Es gibt aber auch zeitgeistige Strömungen, die nur auf den berühmten
knallharten Fakten basieren und der Ansicht sind, alles könne von
Menschen gemacht und erreicht werden. Zu ihren Vertretern gehört der
kanadisch-US-amerikanische Multi-Milliardär Elon Musk. Er hat mehrere
Unternehmen gegründet, darunter das private Raumfahrtunternehmen
SpaceX. Ziel von SpaceX ist es, zum einen das technische Equipement
zu entwickeln und zum anderen die Kosten des Weltraumtransports so
weit zu senken, dass es möglich wird, Menschen auf anderen
Himmelskörpern, etwa dem Mars anzusiedeln. Ganz anders als die
Astrologen greift also auch Musk, der Maschinenbauingenieur ist und
zudem zeitweise Physik studiert hat, nach den Sternen. Und das Credo
dieses Mannes könnte man ebenfalls als Suche nach spirituellem
Wachstum verstehen: „Unsere Existenz kann nicht nur darin bestehen,
ein erbärmliches Problem nach dem anderen zu lösen. Es muss Gründe
geben zu leben“, lautet ein Zitat von ihm beim Online-

Nachrichtendienst Twitter.
Ist das richtig? Muss es einen Grund zum Leben geben, müssen wir
ständig danach suchen – oder genügt es nicht einfach, dass wir leben?

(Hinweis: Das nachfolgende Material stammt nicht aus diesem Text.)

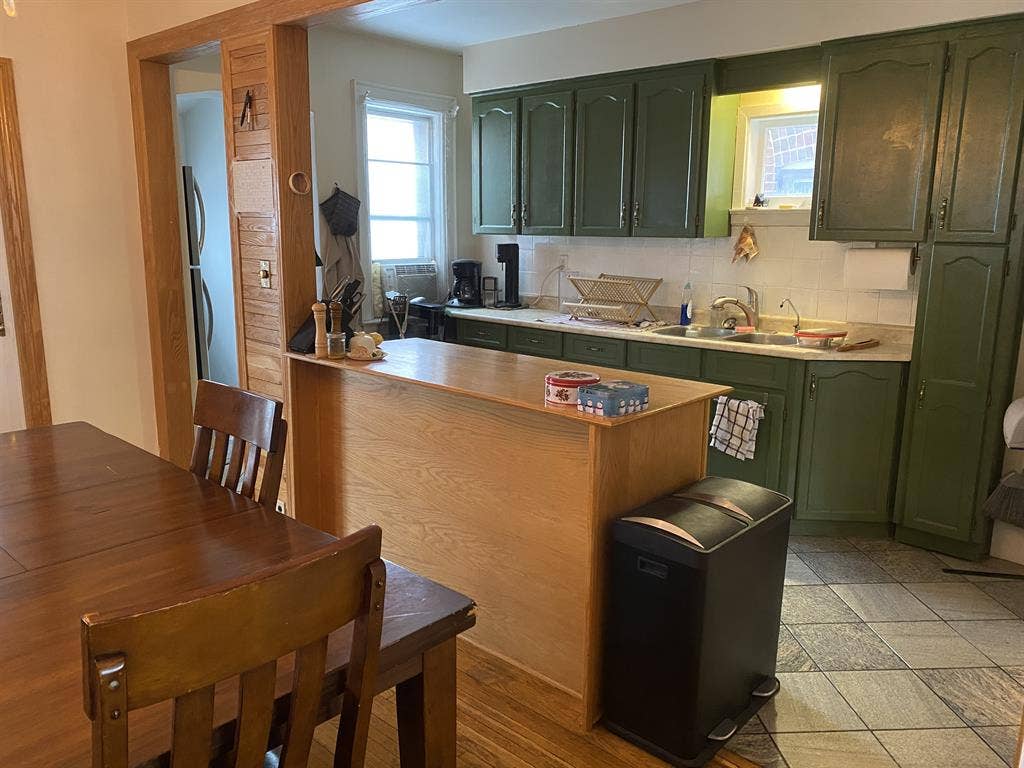 1 Br in spacious home to share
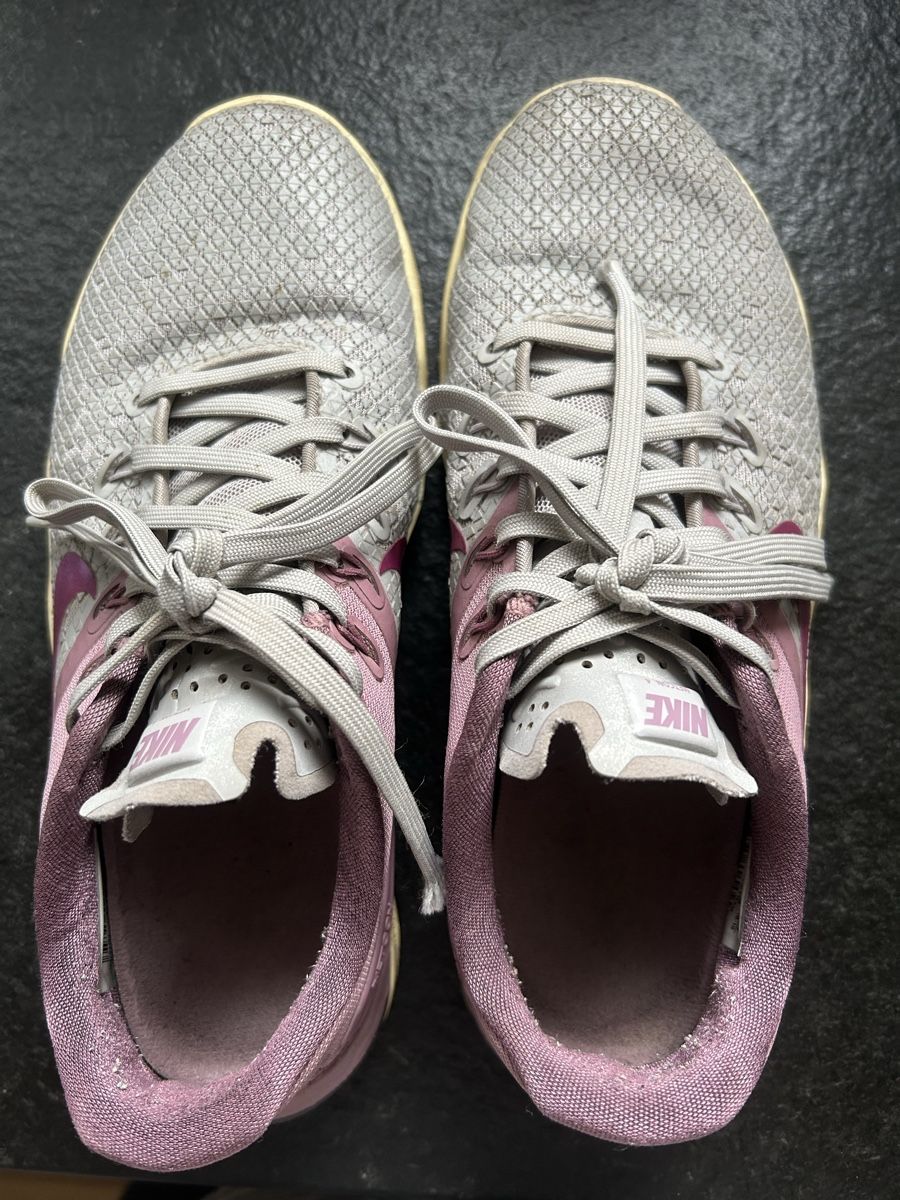 Nike Chaussures femmes: Nike Turnschuh 38 – D'occasion à Emmen par Carbru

Ich bin der Meinung: ja, das genügt. Doch in unserer Gesellschaft, die
im Lauf der Evolution immer komplexer geworden ist, reicht das nicht
(mehr) aus. Somit sind wir wieder bei den GPS-Fragen angekommen:
Wo kommen wir her? Wo stehen wir? Wohin gehen wir – als einzelner,
als Menschheit im unendlichen Universum?
Bislang spricht nichts dafür, dass wir diese Fragen jemals endgültig und
allgemein gültig beantworten könnten, weder durch die Astrologie noch
durch Ingenieurstechnologie. Vielleicht braucht es wieder Zeit und
Bereitschaft für Demut gegenüber der Schöpfung, eine unserer größten
Tugenden. Und mehr denn je das bedingungslose Vertrauen in Gottes
Führung und in die Gewissheit, dass Er keine Fehler macht.